Poet’s treatment of Kashmiry’s plight is not just a revel in the sound and fury of such indignity, fear, and humiliation, but provides an incredibly intelligent exploration that seeps into the very foundations of Adam. There are insightful and ingenious devices and imagery that Poet uses throughout Adam that really pulls you into Kashmiry’s world and struggle. There’s beautiful narrative arcs such as: the ancient Egyptian idea of the soul having two parts, the really clever play with English, and the Arab Spring uprising being used a parallel Kashmiry’s struggle in the UK. It’s all incredibly deft and vastly edifying as a piece of theatre.

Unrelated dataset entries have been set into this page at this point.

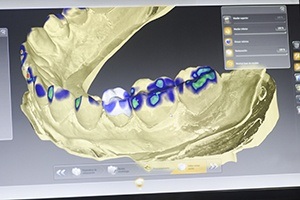 soft tissue laser impression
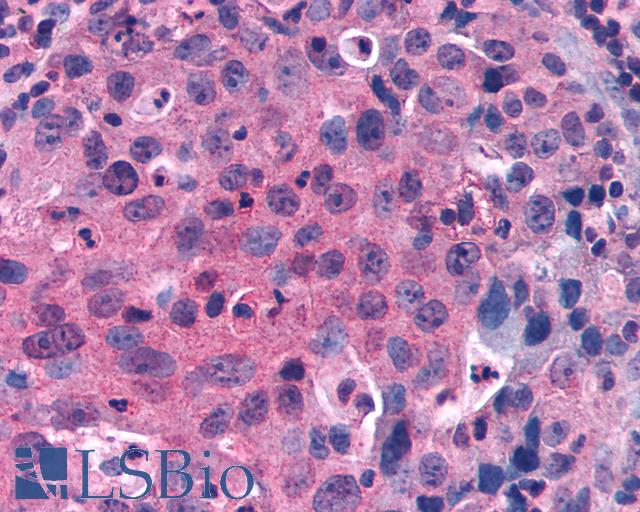 GPRC5C Antibody - Lung, Non Small-Cell Carcinoma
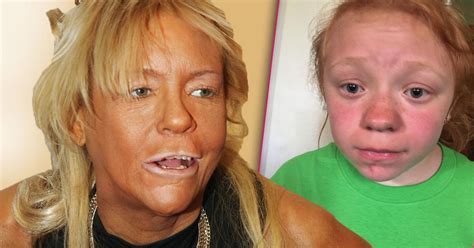Tan Mom Patricia Krentcil Is Angry Her Daughter Got Sunburn At School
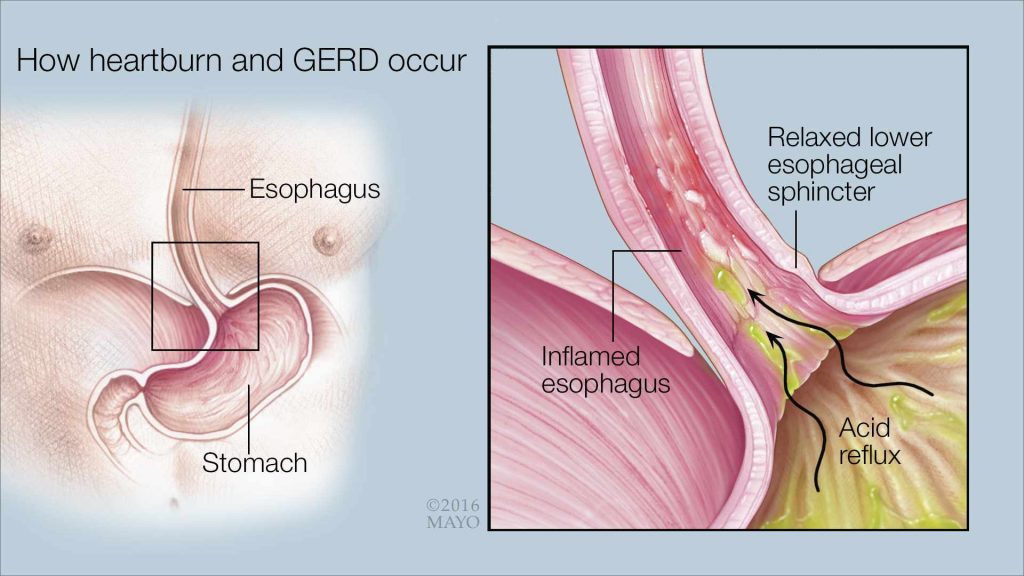 a medical illustration of how heartburn and GERD occur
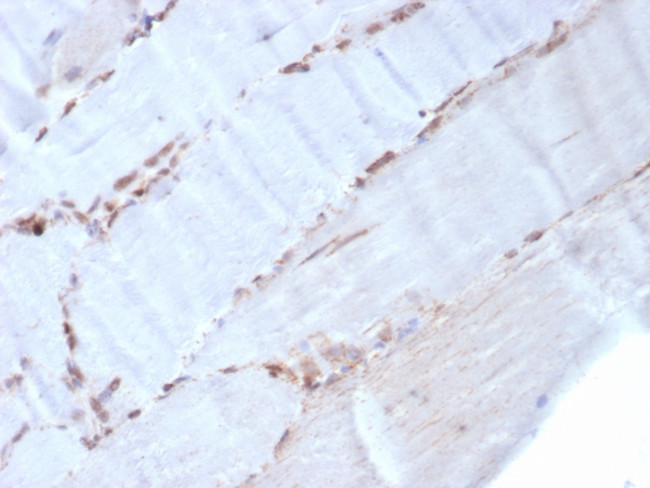 Actin, Smooth Muscle Antibody in Immunohistochemistry (Paraffin) (IHC (P))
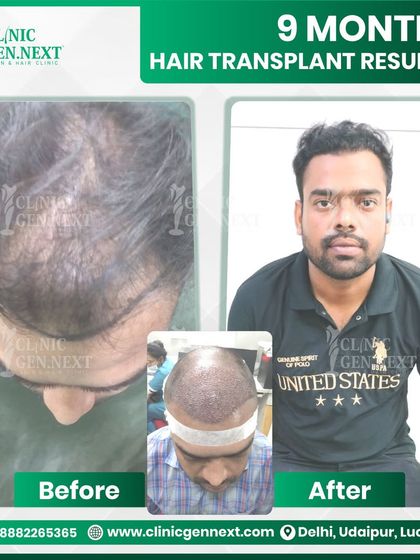 This patient achieved a full, natural-looking head of hair just 9 months after his procedure with me. We focused on restoring density to the crown and frontal area, giving him back his confidence.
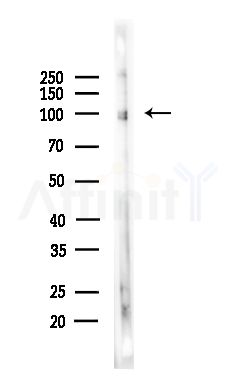 Phospho-Retinoblastoma (Ser612) Antibody - Western blot analysis of lysates from Hela cells(LPS,4h treatment), using Phospho-Retinoblastoma (Ser612) Antibody at 1/1000 dilution.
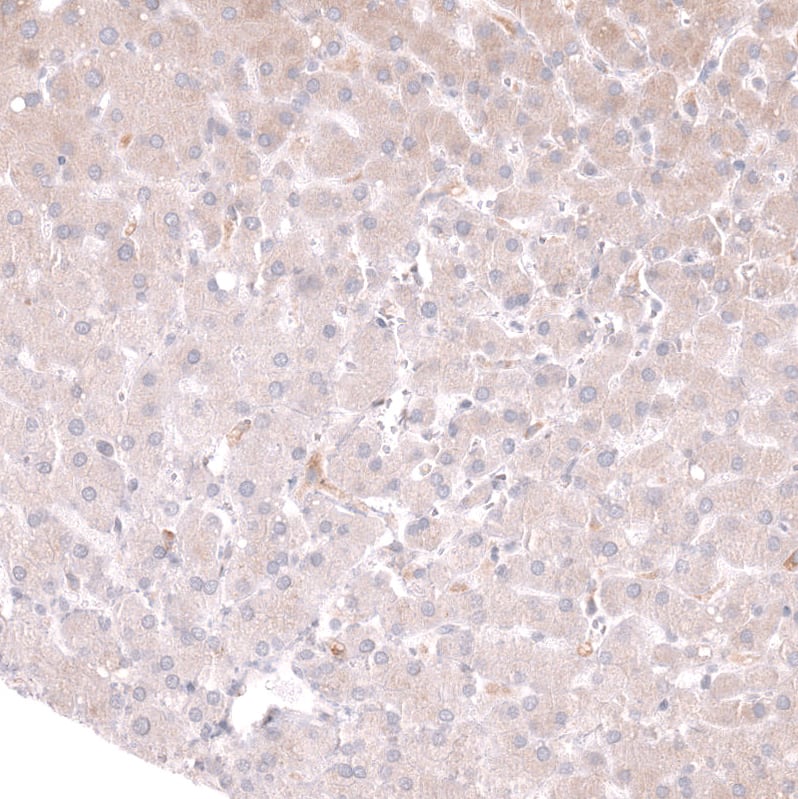 Staining of human liver shows very weak cytoplasmic positivity in hepatocytes.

My only criticism is that sometimes these devices are just a tad too theatrical. That’s by no means to say that they don’t work and/or labour the play. But it’s that it because of these Adam sometimes doesn’t quite tap into the detail and depth that is as straightforward and human that you desperately want at some points. It’s such a conundrum. Poets’ approach makes us deeply care about Kashmiry by leading us down very clever avenues to help us understand and connect with the story. But at the same time this distances us from a more personal and deeper exploration. It’s such an odd criticism to make, and even odder that because of this I’ve made the decision to take a star off the rating. But despite being moved to utter tears at several points in Adam and being so involved in the play throughout, I can’t quite ignore the frustration that I wanted to know Kashmiry deeper as a person rather than becoming too immersed in the very clever writing that frames Adam.
Direction & Production
The one thing I really want to mention about this area is the use of the Adam World Choir singing music especially written by Jocelyn Pook. The inclusion of this global choir of trans and no-binary individuals really garnishes the enormity of Kashmiry’s story. It also packs one hell of an emotive punch.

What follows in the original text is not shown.